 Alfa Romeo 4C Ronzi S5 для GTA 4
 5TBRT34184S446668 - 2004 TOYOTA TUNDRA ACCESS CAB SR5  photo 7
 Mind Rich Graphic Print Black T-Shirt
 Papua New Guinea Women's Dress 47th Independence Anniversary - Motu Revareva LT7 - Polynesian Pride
━━━━━━━━━━
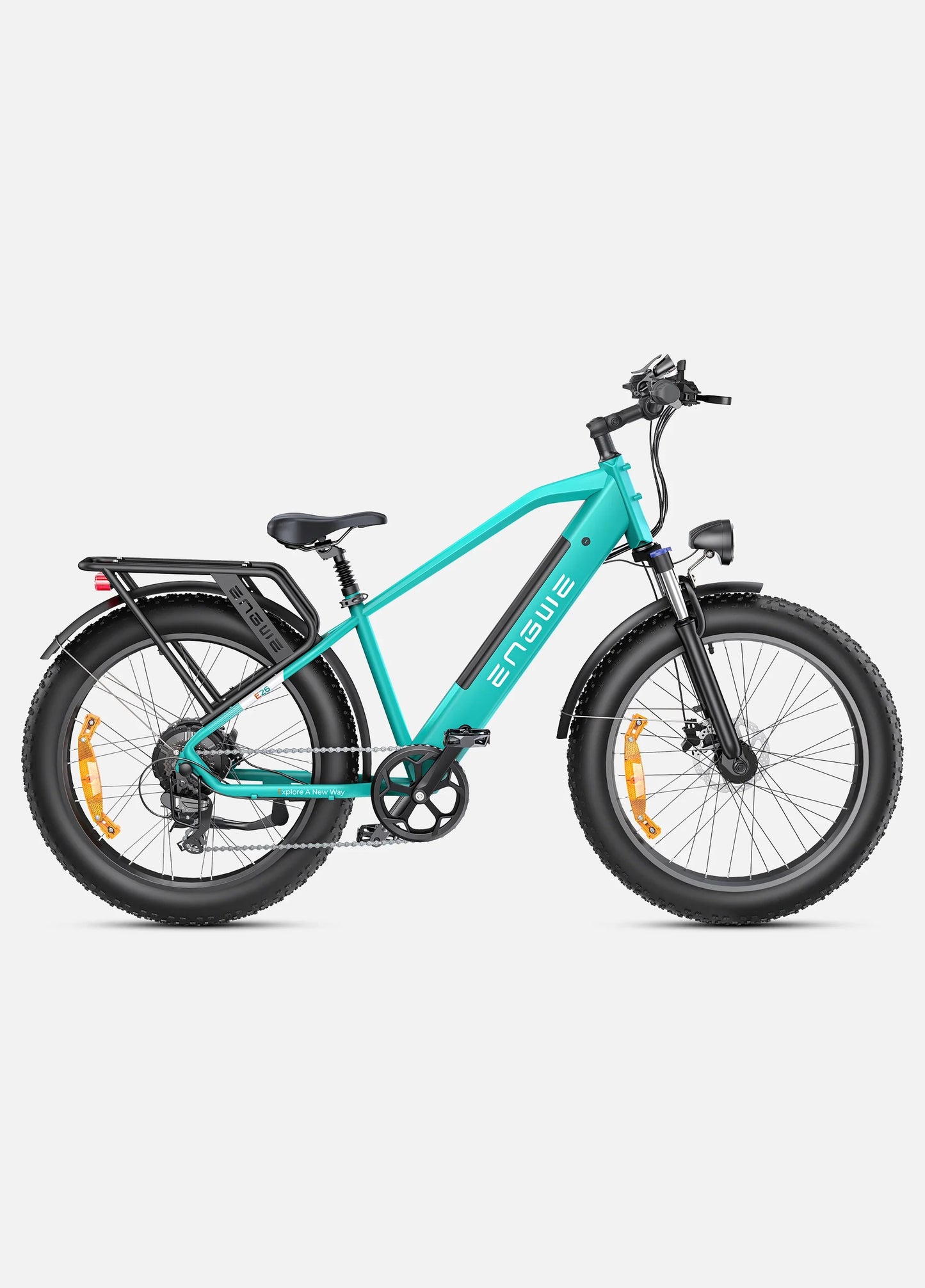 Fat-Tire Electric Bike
━━━━━━━━━━
- ACTION ITEM -
Transcribe, exactly and without additions, the lines of the records above, beginning with the line that contains "Alfa Romeo 4C Ronzi S5 для GTA 4" and ending with the line that contains "Papua New Guinea", both included.

- TASK OUTPUT -
 Alfa Romeo 4C Ronzi S5 для GTA 4
 5TBRT34184S446668 - 2004 TOYOTA TUNDRA ACCESS CAB SR5  photo 7
 Mind Rich Graphic Print Black T-Shirt
 Papua New Guinea Women's Dress 47th Independence Anniversary - Motu Revareva LT7 - Polynesian Pride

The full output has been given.